Las francesas, en cambio, muestran la solidaridad de la población con una lucha que no parece algo meramente gremial, sino una expresión más del combate por la égalité y la liberté que los franceses sólo conocen en La Marsellesa. Pero la lucha contra la desocupación es aún más importante, y no sólo porque en el ``trabajar menos para que trabajen todos'', de los franceses o los italianos, se expresa la defensa de una concepción de clase y solidaridad que el capital debe eliminar a toda costa, sino también porque el ``pensamiento único'' neoliberal ha eliminado la idea del empleo de sus preocupaciones y sacrifica la ocupación a la estabilidad monetaria, a las finanzas y a los resultados macroeconómicos.
En efecto, para la mayor parte de los gobiernos, la desocupación, que hace unas décadas era el mayor de los males, aparece ahora como una ventaja competitiva, pues se ilusionan con que ésta reduce la inflación así como la demanda interna a favor de las exportaciones y rompe el poder sindical, que impediría el libre juego de la oferta y la demanda en el mercado de trabajo mediante una sana ``flexibilidad'' (como la que imperaba en tiempos de Dickens y de Emile Zola).
Esta visión técnica y monetarista hasta ahora ha sido común entre los sectores y las clases gobernantes. Pero la crisis la ha asustado y también las primeras reacciones sociales que se insinúan tienden a hacerlas pensar diversamente.
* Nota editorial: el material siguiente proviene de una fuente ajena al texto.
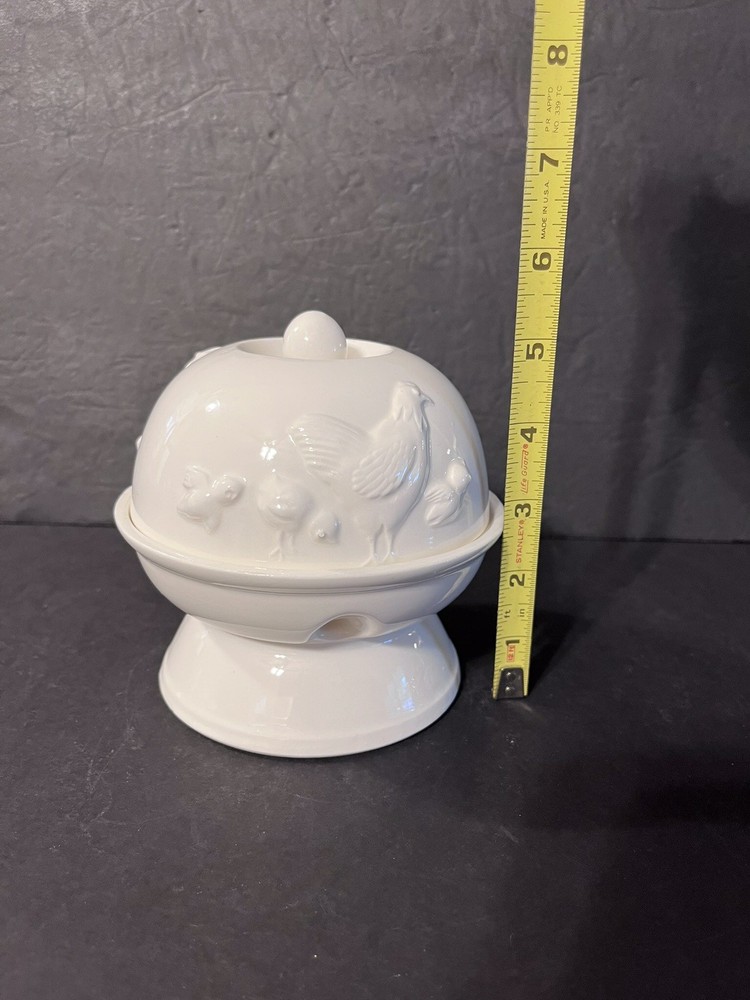 EGG-A-MATIC Vintage Electric Egg Cooker With Instructions Ceramic EUC WORKS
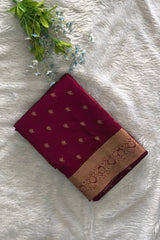 Premium Pure Handloom Cotton Saree Dark Magenta and Black Elegance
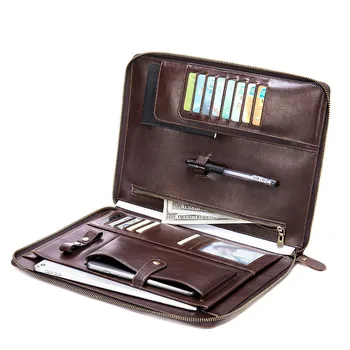 

Men's Crazy Horse Skin Leather Cover Anti-fall Tablet PC Protective Case Ultra-thin Cowhide Card Holder Leather Men Briefcase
Por eso los países de la Unión Europea, es decir, de la primera potencia comercial e industrial del mundo, reunidos en Viena, decidieron dar prioridad a la lucha contra la desocupación y no a la estabilidad monetaria. Ahora bien, planificar una lucha común por un objetivo social utilizando los Estados y a ese ``semiestado'' que es la UE, significa romper con los dogmas principales del neoliberalismo, según el cual el Estado no debe intervenir en el mercado de trabajo (sino para bajar los salarios reales y las conquistas seculares), ni debe tener políticas sociales, que distorsionan el mercado y desvían los capitales de la acumulación, sino que debe cubrir -parcialmente y con la simple caridad-, las lacras que produce el sistema y no para corregirlas, sino para retardar las protestas. De modo que no estamos ante una ``tercera vía'' (libre mercado más solidaridad social), sino ante concesiones que, como todas las conquistas obreras de la historia, han sido arrancadas a los gobiernos y al capital. Estas atacan las bases mismas de la ideología y de la moral que sustenta la utilización por el capital financiero de las transformaciones técnicas (en las comunicaciones, sobre todo), sociales y económicas que dieron origen a la mundialización.
Eso, todavía en ciernes, todavía parcial, es lo nuevo que dejó el Año Viejo. Si se necesitase un ejemplo mejor, se podría recordar Corea del Sur, que ahora es modelo no para el capital sino para el nuevo sindicalismo o la generalización laboriosa de la reducción de la jornada semanal de trabajo en toda Europa. ¡Por consiguiente, feliz 1999!